69 — One pixel attack for fooling deep neural networks
Read on 29 October 2017This paper got a lot of attention recently because its effects are so dramatic: The adversarial system presented in this work alters only one pixel of an image, and completely changes an imagenet’s classification result. Such “few-pixel attacks” have, in the past, usually required changes of small numbers of pixels — usually fewer than ten — but generally more than 1.
Because it is generally easy to spot clusters of altered pixels with a human eye, the goal for adversarial image-generation should be to minimize the number of noticeable artifacts when adjusting an image to be “unrecognizable” by a machine.
This method works best on images that are already at the boundaries between a few image classification spaces; in these cases, it is much easier to affect the resulting classification with a few-pixel attack.
Based on prior work (Szegedy et al, Goodfellow et al), the authors were able to determine which pixels would most dramatically affect the classifier output; this is because the input of a DNN is a high-dimensional cube, along the axes of which large changes in classification can be seen. This can be used to select ideal pixel changes along 7, 5, 3, or single-pixel-correspondent axes. The authors use genetic algorithms, where the DNA is modification instructions, to select for the most potent changes to the image.

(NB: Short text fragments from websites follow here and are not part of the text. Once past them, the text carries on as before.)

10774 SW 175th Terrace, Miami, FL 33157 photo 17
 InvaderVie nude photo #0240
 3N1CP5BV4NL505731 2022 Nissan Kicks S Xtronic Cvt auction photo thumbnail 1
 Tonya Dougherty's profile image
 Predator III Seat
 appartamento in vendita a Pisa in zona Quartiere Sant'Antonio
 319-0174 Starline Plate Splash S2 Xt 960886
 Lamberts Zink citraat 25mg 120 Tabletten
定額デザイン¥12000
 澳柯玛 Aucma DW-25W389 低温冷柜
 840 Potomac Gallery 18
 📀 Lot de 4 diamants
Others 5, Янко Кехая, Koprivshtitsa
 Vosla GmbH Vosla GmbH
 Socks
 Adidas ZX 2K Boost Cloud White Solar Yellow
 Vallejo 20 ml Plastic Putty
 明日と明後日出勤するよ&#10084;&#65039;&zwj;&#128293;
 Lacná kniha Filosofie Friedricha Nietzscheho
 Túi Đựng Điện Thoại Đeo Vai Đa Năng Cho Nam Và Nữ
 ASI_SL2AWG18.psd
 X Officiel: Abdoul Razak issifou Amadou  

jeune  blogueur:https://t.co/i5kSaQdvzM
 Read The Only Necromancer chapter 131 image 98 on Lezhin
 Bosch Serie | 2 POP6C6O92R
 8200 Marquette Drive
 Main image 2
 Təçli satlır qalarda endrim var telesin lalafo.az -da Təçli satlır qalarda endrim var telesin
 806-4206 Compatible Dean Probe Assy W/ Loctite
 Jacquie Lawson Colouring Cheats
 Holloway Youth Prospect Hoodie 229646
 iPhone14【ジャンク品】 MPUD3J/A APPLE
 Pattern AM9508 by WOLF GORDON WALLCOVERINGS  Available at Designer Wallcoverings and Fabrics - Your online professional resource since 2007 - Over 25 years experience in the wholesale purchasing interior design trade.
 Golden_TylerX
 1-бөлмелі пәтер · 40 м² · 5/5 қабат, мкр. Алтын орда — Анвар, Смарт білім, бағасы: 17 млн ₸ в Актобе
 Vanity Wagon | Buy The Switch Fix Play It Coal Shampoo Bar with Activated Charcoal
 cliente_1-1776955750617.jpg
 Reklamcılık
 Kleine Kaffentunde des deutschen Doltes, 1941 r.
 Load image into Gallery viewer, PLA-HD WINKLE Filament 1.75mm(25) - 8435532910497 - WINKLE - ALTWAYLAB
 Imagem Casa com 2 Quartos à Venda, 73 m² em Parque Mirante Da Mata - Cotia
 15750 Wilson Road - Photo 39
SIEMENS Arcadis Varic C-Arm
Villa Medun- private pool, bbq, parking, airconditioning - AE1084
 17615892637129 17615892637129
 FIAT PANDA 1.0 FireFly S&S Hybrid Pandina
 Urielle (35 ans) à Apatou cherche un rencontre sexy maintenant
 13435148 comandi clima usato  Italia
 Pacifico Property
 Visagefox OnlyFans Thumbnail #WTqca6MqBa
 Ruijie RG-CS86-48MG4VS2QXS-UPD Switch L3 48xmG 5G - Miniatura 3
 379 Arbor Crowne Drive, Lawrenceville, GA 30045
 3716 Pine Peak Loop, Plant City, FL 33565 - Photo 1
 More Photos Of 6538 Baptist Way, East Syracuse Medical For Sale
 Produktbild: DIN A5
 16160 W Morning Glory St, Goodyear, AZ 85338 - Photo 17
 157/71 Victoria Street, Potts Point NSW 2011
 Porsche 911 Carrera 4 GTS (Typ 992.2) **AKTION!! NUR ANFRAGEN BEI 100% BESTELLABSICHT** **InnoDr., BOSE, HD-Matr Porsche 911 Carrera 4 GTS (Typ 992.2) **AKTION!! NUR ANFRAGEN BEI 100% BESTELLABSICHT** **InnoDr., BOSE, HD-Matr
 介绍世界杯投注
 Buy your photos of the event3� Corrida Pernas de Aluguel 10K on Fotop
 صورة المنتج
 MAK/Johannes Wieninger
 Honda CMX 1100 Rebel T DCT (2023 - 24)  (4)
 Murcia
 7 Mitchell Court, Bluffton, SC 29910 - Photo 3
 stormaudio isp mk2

Most notable to me is the simplicity and speed of this adversarial algorithm; the pixel modifications usually look like coloring artifacts or dead pixels. That’s frighteningly close to something that could occur ‘in the wild’. It’s strange to think about how brittle these computer vision algorithms still are despite their incredible power, and how something as simple as a single bad pixel could convince, say, a self-driving car that a bird is actually another car.